**Task requirements**
The answer should consist of all the entries, repeated word for word.

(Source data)
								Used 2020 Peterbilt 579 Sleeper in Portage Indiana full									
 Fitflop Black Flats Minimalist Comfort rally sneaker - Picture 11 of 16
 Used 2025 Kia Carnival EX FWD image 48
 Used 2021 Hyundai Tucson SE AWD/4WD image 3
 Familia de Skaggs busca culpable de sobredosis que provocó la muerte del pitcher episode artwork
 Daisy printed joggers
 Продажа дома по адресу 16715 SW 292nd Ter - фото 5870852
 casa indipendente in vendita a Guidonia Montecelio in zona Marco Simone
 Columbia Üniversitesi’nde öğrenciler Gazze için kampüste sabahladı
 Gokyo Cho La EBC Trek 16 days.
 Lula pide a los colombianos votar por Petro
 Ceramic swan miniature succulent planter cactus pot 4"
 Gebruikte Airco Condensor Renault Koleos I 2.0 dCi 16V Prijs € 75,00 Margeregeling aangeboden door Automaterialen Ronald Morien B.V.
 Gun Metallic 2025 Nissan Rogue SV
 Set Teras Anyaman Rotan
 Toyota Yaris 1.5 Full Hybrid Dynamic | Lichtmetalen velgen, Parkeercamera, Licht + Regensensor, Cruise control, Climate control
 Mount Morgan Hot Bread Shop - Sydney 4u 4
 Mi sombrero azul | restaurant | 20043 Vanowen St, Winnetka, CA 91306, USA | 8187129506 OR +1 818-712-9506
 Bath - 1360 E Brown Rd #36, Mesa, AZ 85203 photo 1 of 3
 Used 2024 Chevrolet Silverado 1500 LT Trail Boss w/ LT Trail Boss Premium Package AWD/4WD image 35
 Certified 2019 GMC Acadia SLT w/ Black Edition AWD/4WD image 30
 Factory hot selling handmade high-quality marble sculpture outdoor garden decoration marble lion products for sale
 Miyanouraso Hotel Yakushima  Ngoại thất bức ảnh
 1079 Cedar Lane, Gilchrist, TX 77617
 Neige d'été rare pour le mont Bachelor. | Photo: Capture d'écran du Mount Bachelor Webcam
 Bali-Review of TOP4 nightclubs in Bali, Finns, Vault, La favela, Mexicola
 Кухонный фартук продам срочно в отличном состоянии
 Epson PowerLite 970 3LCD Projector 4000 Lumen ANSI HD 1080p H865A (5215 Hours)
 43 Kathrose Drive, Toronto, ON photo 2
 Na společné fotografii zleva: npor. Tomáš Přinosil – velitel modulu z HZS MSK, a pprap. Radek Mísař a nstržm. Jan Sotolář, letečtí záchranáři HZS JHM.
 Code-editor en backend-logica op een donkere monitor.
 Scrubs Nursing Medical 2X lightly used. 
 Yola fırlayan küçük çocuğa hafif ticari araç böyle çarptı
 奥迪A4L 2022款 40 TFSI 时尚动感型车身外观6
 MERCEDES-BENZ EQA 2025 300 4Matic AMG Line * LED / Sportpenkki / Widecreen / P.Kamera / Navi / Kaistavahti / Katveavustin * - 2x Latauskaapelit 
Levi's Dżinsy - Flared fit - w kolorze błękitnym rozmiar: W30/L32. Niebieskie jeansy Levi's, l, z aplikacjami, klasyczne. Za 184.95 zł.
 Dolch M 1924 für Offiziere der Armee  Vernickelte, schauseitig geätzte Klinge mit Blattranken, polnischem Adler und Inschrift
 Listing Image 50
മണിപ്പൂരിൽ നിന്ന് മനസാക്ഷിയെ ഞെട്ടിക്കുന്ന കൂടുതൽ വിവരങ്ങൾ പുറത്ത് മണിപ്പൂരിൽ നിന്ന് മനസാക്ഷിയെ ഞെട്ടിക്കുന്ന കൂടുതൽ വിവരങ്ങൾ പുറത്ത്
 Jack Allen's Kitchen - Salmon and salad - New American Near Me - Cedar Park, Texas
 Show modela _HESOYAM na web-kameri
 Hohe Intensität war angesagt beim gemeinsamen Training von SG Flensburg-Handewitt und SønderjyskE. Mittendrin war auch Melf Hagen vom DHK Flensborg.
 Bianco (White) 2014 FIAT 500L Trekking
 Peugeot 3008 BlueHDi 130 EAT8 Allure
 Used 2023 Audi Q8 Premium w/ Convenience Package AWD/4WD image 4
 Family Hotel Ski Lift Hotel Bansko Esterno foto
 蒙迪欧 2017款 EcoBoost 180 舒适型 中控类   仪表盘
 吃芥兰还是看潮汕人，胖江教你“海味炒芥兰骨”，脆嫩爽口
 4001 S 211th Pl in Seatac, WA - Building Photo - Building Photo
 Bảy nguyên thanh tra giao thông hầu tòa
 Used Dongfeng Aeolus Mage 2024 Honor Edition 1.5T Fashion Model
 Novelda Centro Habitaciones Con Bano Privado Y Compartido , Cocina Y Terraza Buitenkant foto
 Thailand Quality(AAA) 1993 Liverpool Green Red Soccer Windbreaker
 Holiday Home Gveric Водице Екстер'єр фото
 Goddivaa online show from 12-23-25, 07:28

**Answer**
								Used 2020 Peterbilt 579 Sleeper in Portage Indiana full									
 Fitflop Black Flats Minimalist Comfort rally sneaker - Picture 11 of 16
 Used 2025 Kia Carnival EX FWD image 48
 Used 2021 Hyundai Tucson SE AWD/4WD image 3
 Familia de Skaggs busca culpable de sobredosis que provocó la muerte del pitcher episode artwork
 Daisy printed joggers
 Продажа дома по адресу 16715 SW 292nd Ter - фото 5870852
 casa indipendente in vendita a Guidonia Montecelio in zona Marco Simone
 Columbia Üniversitesi’nde öğrenciler Gazze için kampüste sabahladı
 Gokyo Cho La EBC Trek 16 days.
 Lula pide a los colombianos votar por Petro
 Ceramic swan miniature succulent planter cactus pot 4"
 Gebruikte Airco Condensor Renault Koleos I 2.0 dCi 16V Prijs € 75,00 Margeregeling aangeboden door Automaterialen Ronald Morien B.V.
 Gun Metallic 2025 Nissan Rogue SV
 Set Teras Anyaman Rotan
 Toyota Yaris 1.5 Full Hybrid Dynamic | Lichtmetalen velgen, Parkeercamera, Licht + Regensensor, Cruise control, Climate control
 Mount Morgan Hot Bread Shop - Sydney 4u 4
 Mi sombrero azul | restaurant | 20043 Vanowen St, Winnetka, CA 91306, USA | 8187129506 OR +1 818-712-9506
 Bath - 1360 E Brown Rd #36, Mesa, AZ 85203 photo 1 of 3
 Used 2024 Chevrolet Silverado 1500 LT Trail Boss w/ LT Trail Boss Premium Package AWD/4WD image 35
 Certified 2019 GMC Acadia SLT w/ Black Edition AWD/4WD image 30
 Factory hot selling handmade high-quality marble sculpture outdoor garden decoration marble lion products for sale
 Miyanouraso Hotel Yakushima  Ngoại thất bức ảnh
 1079 Cedar Lane, Gilchrist, TX 77617
 Neige d'été rare pour le mont Bachelor. | Photo: Capture d'écran du Mount Bachelor Webcam
 Bali-Review of TOP4 nightclubs in Bali, Finns, Vault, La favela, Mexicola
 Кухонный фартук продам срочно в отличном состоянии
 Epson PowerLite 970 3LCD Projector 4000 Lumen ANSI HD 1080p H865A (5215 Hours)
 43 Kathrose Drive, Toronto, ON photo 2
 Na společné fotografii zleva: npor. Tomáš Přinosil – velitel modulu z HZS MSK, a pprap. Radek Mísař a nstržm. Jan Sotolář, letečtí záchranáři HZS JHM.
 Code-editor en backend-logica op een donkere monitor.
 Scrubs Nursing Medical 2X lightly used. 
 Yola fırlayan küçük çocuğa hafif ticari araç böyle çarptı
 奥迪A4L 2022款 40 TFSI 时尚动感型车身外观6
 MERCEDES-BENZ EQA 2025 300 4Matic AMG Line * LED / Sportpenkki / Widecreen / P.Kamera / Navi / Kaistavahti / Katveavustin * - 2x Latauskaapelit 
Levi's Dżinsy - Flared fit - w kolorze błękitnym rozmiar: W30/L32. Niebieskie jeansy Levi's, l, z aplikacjami, klasyczne. Za 184.95 zł.
 Dolch M 1924 für Offiziere der Armee  Vernickelte, schauseitig geätzte Klinge mit Blattranken, polnischem Adler und Inschrift
 Listing Image 50
മണിപ്പൂരിൽ നിന്ന് മനസാക്ഷിയെ ഞെട്ടിക്കുന്ന കൂടുതൽ വിവരങ്ങൾ പുറത്ത് മണിപ്പൂരിൽ നിന്ന് മനസാക്ഷിയെ ഞെട്ടിക്കുന്ന കൂടുതൽ വിവരങ്ങൾ പുറത്ത്
 Jack Allen's Kitchen - Salmon and salad - New American Near Me - Cedar Park, Texas
 Show modela _HESOYAM na web-kameri
 Hohe Intensität war angesagt beim gemeinsamen Training von SG Flensburg-Handewitt und SønderjyskE. Mittendrin war auch Melf Hagen vom DHK Flensborg.
 Bianco (White) 2014 FIAT 500L Trekking
 Peugeot 3008 BlueHDi 130 EAT8 Allure
 Used 2023 Audi Q8 Premium w/ Convenience Package AWD/4WD image 4
 Family Hotel Ski Lift Hotel Bansko Esterno foto
 蒙迪欧 2017款 EcoBoost 180 舒适型 中控类   仪表盘
 吃芥兰还是看潮汕人，胖江教你“海味炒芥兰骨”，脆嫩爽口
 4001 S 211th Pl in Seatac, WA - Building Photo - Building Photo
 Bảy nguyên thanh tra giao thông hầu tòa
 Used Dongfeng Aeolus Mage 2024 Honor Edition 1.5T Fashion Model
 Novelda Centro Habitaciones Con Bano Privado Y Compartido , Cocina Y Terraza Buitenkant foto
 Thailand Quality(AAA) 1993 Liverpool Green Red Soccer Windbreaker
 Holiday Home Gveric Водице Екстер'єр фото
 Goddivaa online show from 12-23-25, 07:28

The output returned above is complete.